**Excerpted data**
......

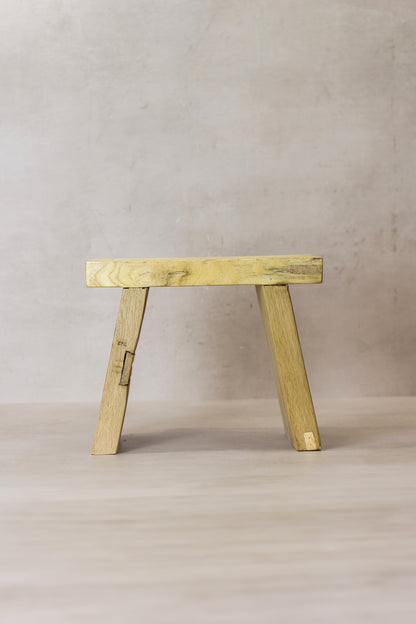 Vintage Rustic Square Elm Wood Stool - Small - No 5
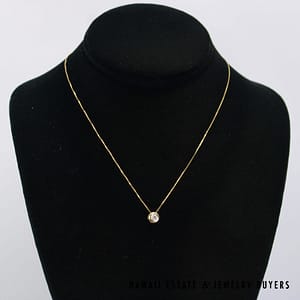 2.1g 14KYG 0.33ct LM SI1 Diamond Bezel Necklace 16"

......

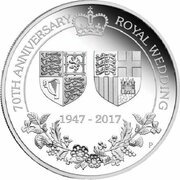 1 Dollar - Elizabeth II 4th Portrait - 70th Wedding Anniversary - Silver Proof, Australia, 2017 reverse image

......

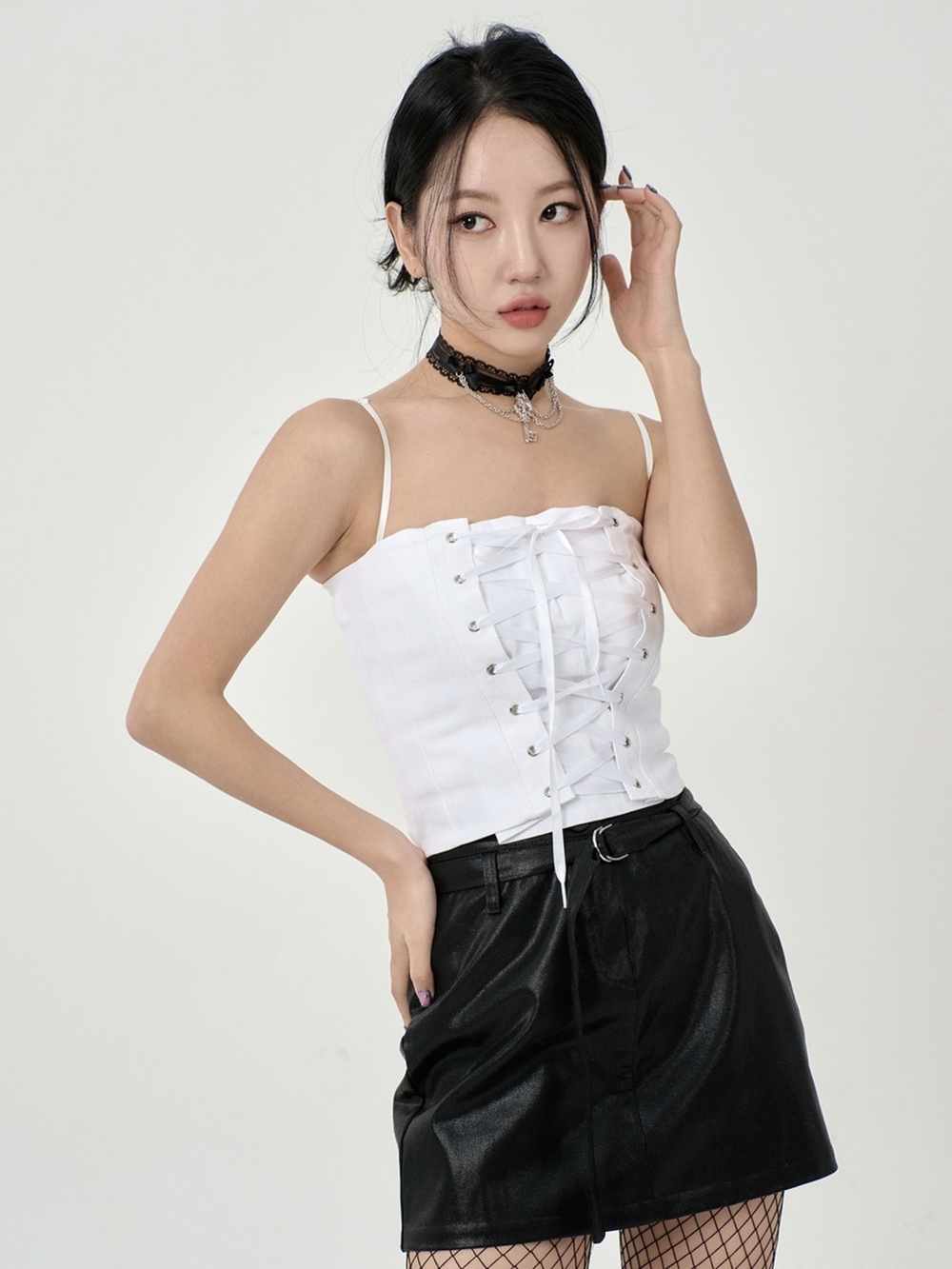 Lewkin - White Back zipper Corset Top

......

**Task statement**
Exactly as written above, retype the lines starting at the one holding "Vintage Rustic Square" and ending at the one holding "2.1g 14KYG 0.33ct", both included, but not the pictures.

**Solution**
 Vintage Rustic Square Elm Wood Stool - Small - No 5
 2.1g 14KYG 0.33ct LM SI1 Diamond Bezel Necklace 16"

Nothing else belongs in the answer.